Compile time filtering will instrument just non filtered functions. If you are using gcc you can just specify --instrument-filter=
:
--instrument-filter=<file>
Specifies the filter file for filtering functions during
compile-time. Not supported by all instrumentation methods.
It applies the same syntax, as the one used by Score-P during
run-time.
For Intel I would recommend you to have a look at https://software.intel.com/en-us/node/522948 .
Best, Andreas
Ok, I switched to GCC to make life simpler for the filtering and I do indeed see things are much more reasonable with compile time filtering. There is probably still some work to be done to get the overhead down further, I'll take a proper look after Christmas.

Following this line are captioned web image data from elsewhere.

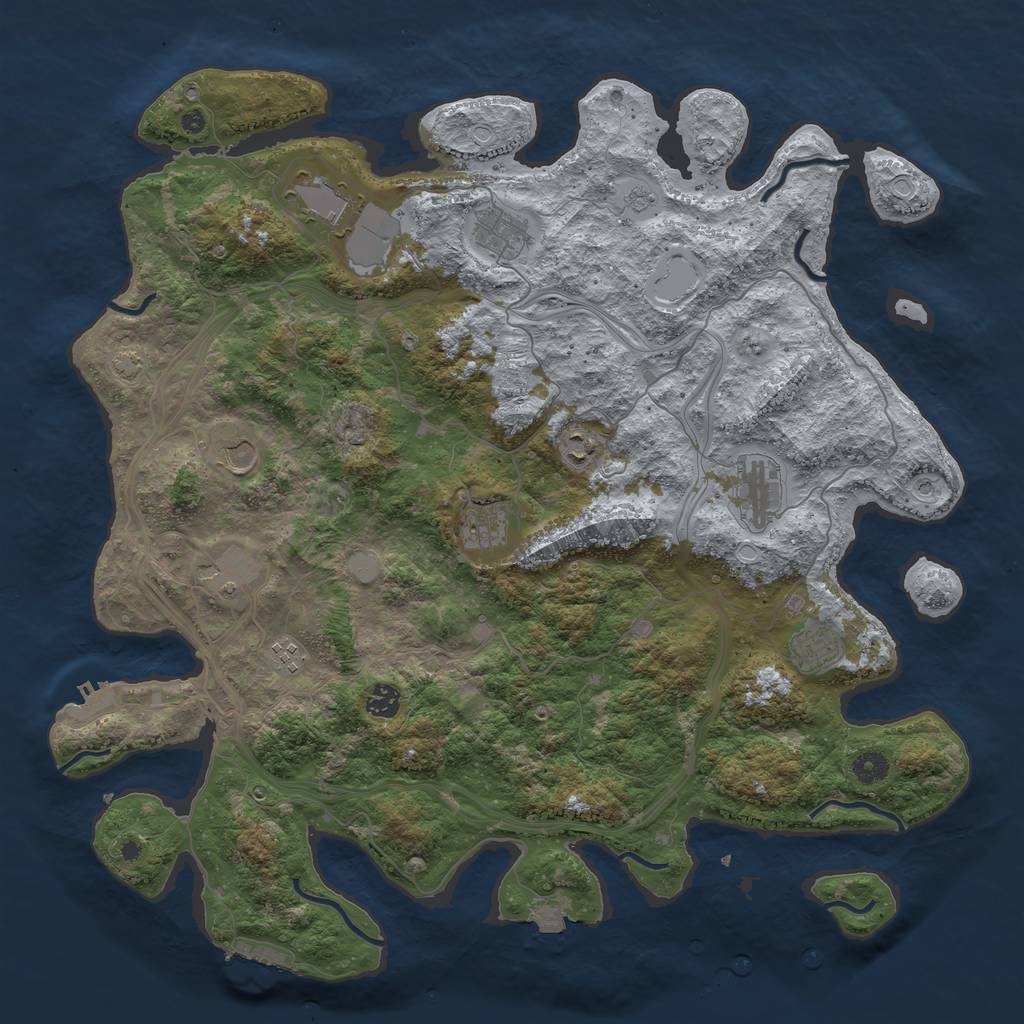 Rust Map: Procedural Map, Size: 4500, Seed: 7594234, 18 Monuments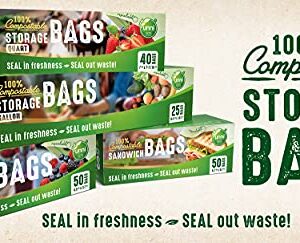 UNNI 100% Compostable Snack Bags, Resealable Compostable Food Storage Bags, 50 Count, 6.5 x 3.7 inches, Earth Friendly Highest ASTM D6400, US BPI and Europe OK Compost Certified, San Francisco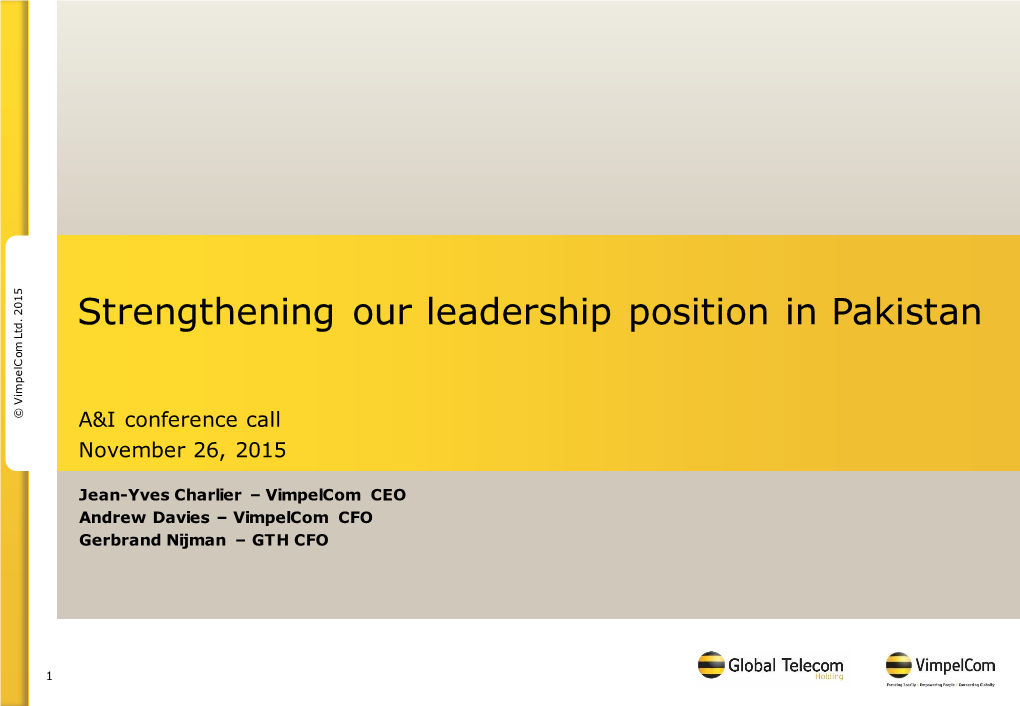 Strengthening Our Leadership Position in Pakistan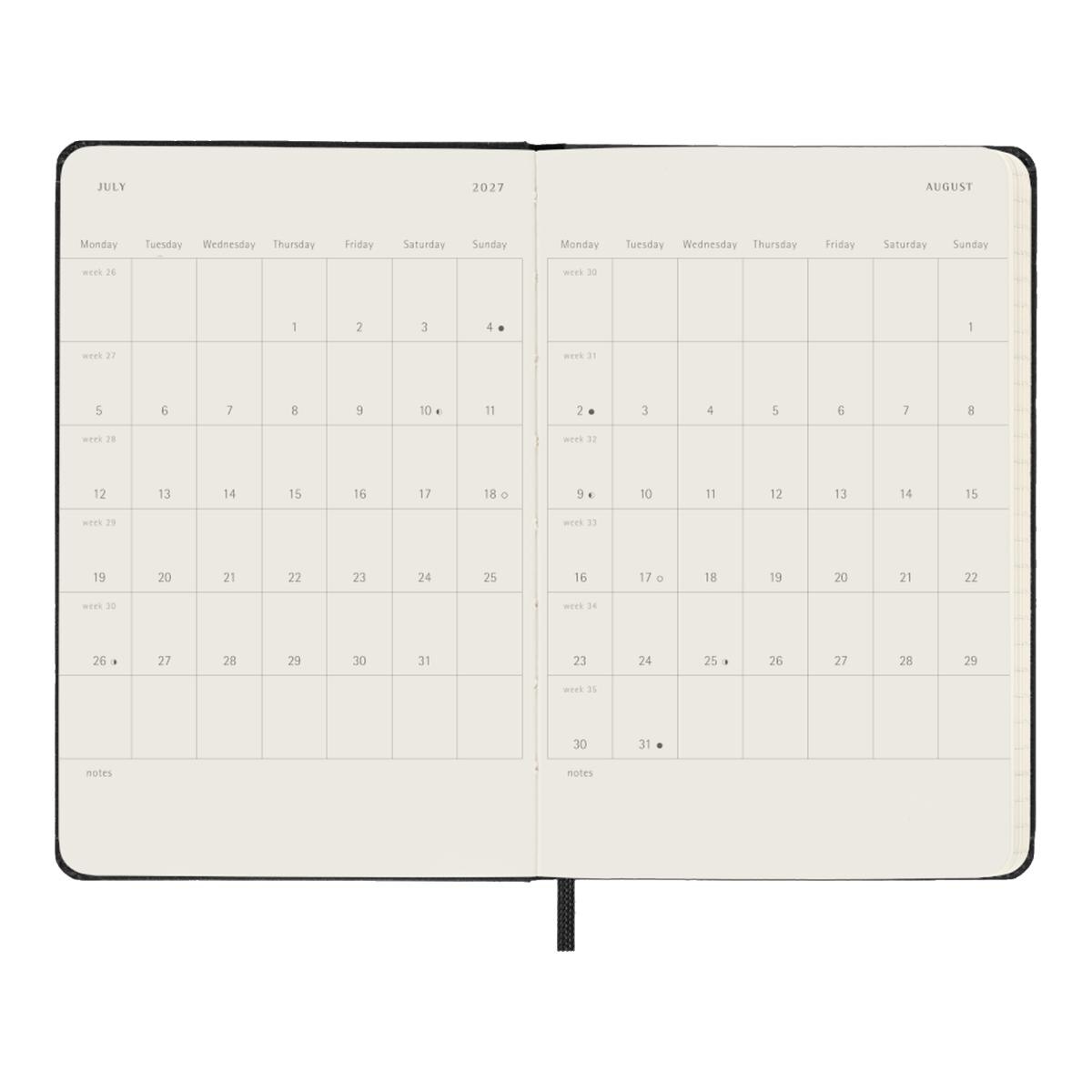 Agenda Classic 2027 de bolso Semanal vertical, capa dura, 12 meses, Preto Preto-4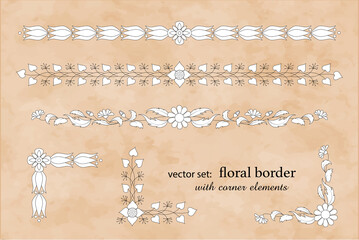 Florale Bordüren Sammlung, 
Vektor Illustration 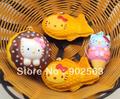 2013 new arrivel cute kawaii mobile phone pendant sweet kitty cafe squishy charm 7cm fish  donut and icecream PU freeshipping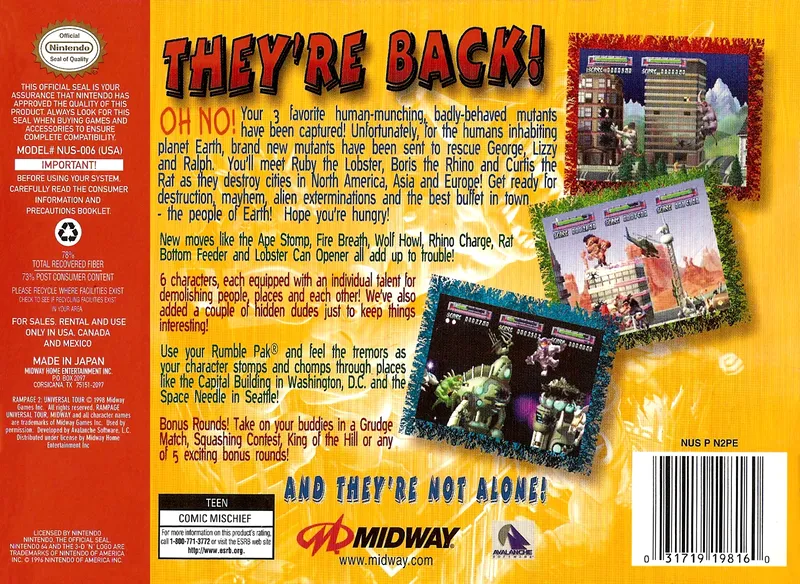 Rampage 2: Universal Tour box back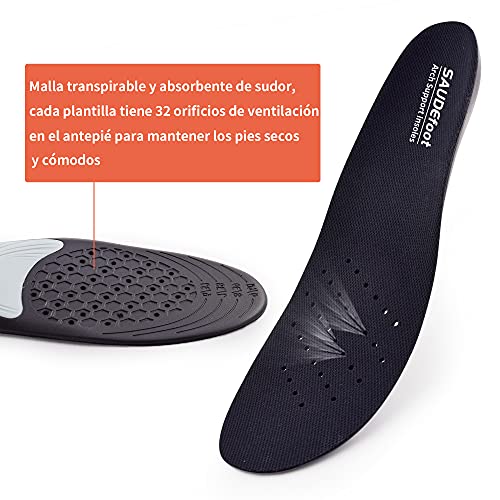 SAUDEfoot Plantillas ortopédicas para soporte de arco para hombres y mujeres, plantillas acolchadas para fascitis plantar, cómodas, suaves y transpirables (mujeres UK6 - 10 / EU37 - 41)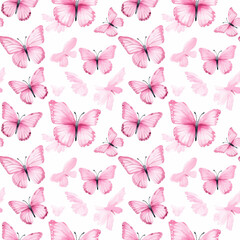 Elegant Watercolor Butterflies Tile Pattern in Candy Pink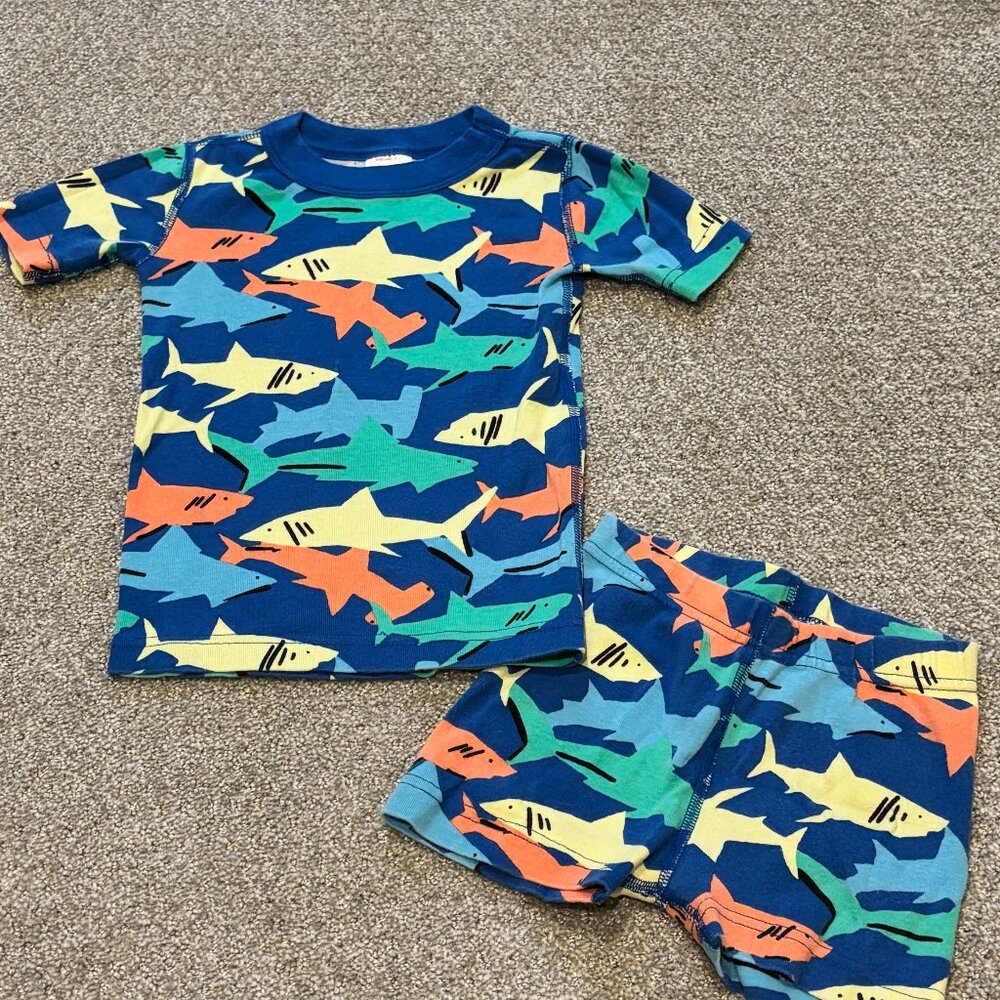 Kids Hanna Anderson Colorful Sharks Print, Short PJ Set, 100% Cotton, Short Slee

Thanks for all the advice, have a good Christmas!
Thank you, you too 😄
As the last activity has been before Christmas I'll close the ticket now 😉 . Feel free to open a new one if needed.
Best,
Andreas
Btw: Tracing C and C++ libs from python should now be supported by default.
I have a C++ application (that I didn't write) that is intended to be interacted with via it's python interface. I can instrument the C++ code, I was wondering if I should be using this binding for the measurement?